Little-known Microsoft Edge feature is inadvertently sending info on the sites you visit...

nanoguy

Posts: 1,355   +27
Staff member
Why it matters: Microsoft is regularly adding more features to the Edge web browser, but sometimes it isn't testing them properly before rolling them out to users. This can have serious privacy implications such as leaking your browsing history for a bit of added functionality that you've likely never heard about or used.

Microsoft's Edge browser may not be as widely-used as Google Chrome, but it is the second most popular desktop browser. This is the result of the company pushing it onto Windows users in every way possible over the years, including pestering Chrome users with pop-ups and making it harder to set a different browser as the default.

Edge does offer some nifty features that make it enjoyable to use, from power-saving features for laptops and 2-in-1s to blocking video auto-play and, my personal favorite, vertical tabs. The Redmond giant promotes it as the same Chrome technology but with more flair and the "added trust of Microsoft," but it turns out the latter feature is questionable at best.
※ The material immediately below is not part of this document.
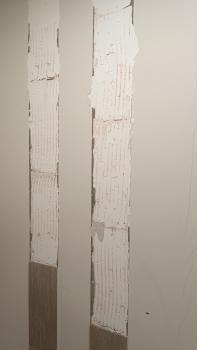 IMG_20240601_185608.jpg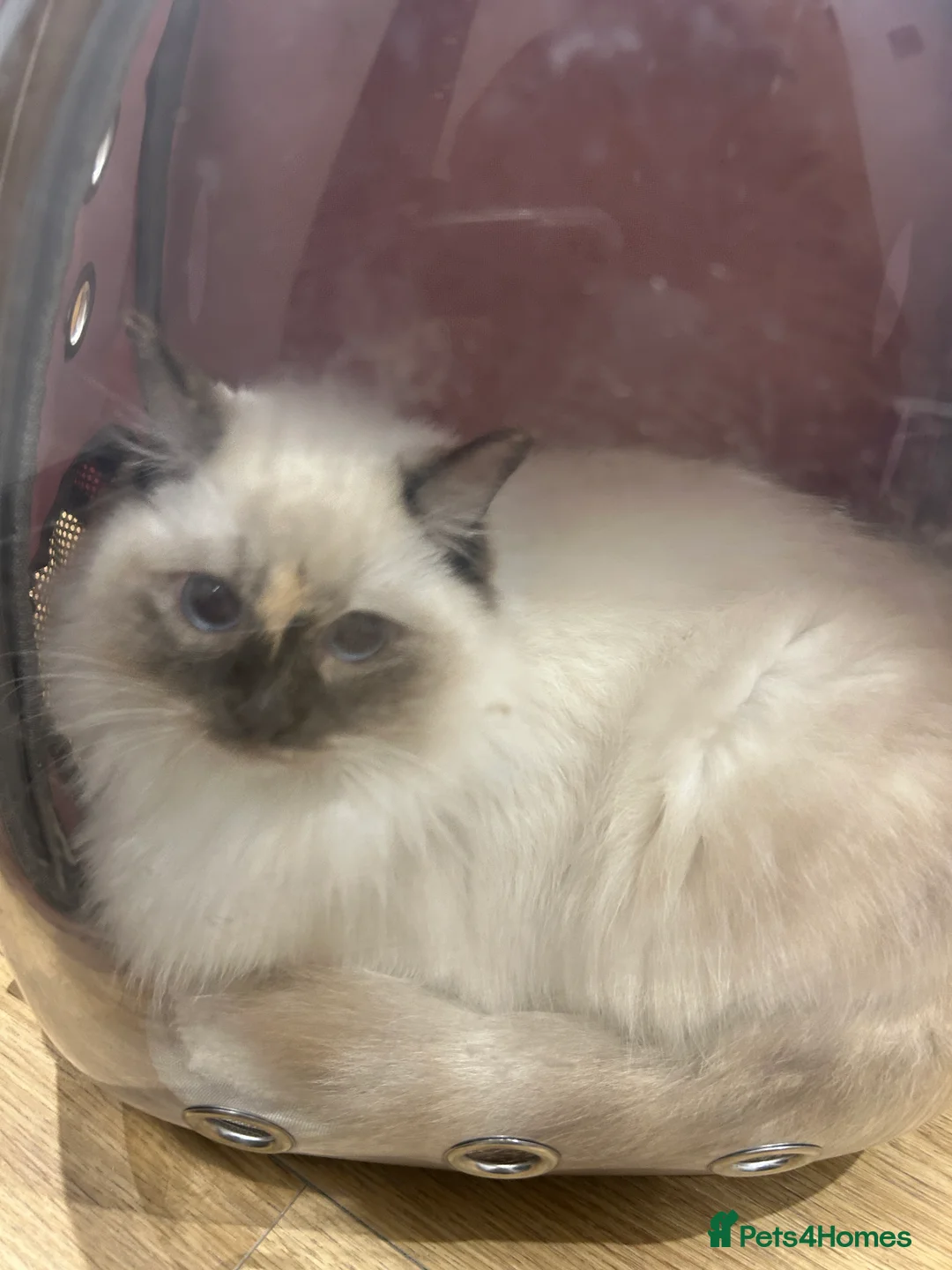 Ragdoll cats for sale: 2 year old Ragdoll Girl - Advert 1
The harsh reality is that most browsers phone home, and sometimes they don't even do that by design but rather due to a bug or misconfiguration. A privacy-conscious Redditor found that a little-known feature in Microsoft Edge that allows you to follow certain content creators via a button in the address bar is also a privacy nightmare in its current implementation.

It appears the feature is causing Edge to send a request to bingapis.com every time you visit a website, essentially leaking your entire browser history to Microsoft. Stardock engineer Rafael Rivera told The Verge the issue is the creator follow feature is enabled by default, where it would previously activate only when visiting certain pages on sites like YouTube, Facebook, Pinterest, TikTok, The Verge, and Engadget.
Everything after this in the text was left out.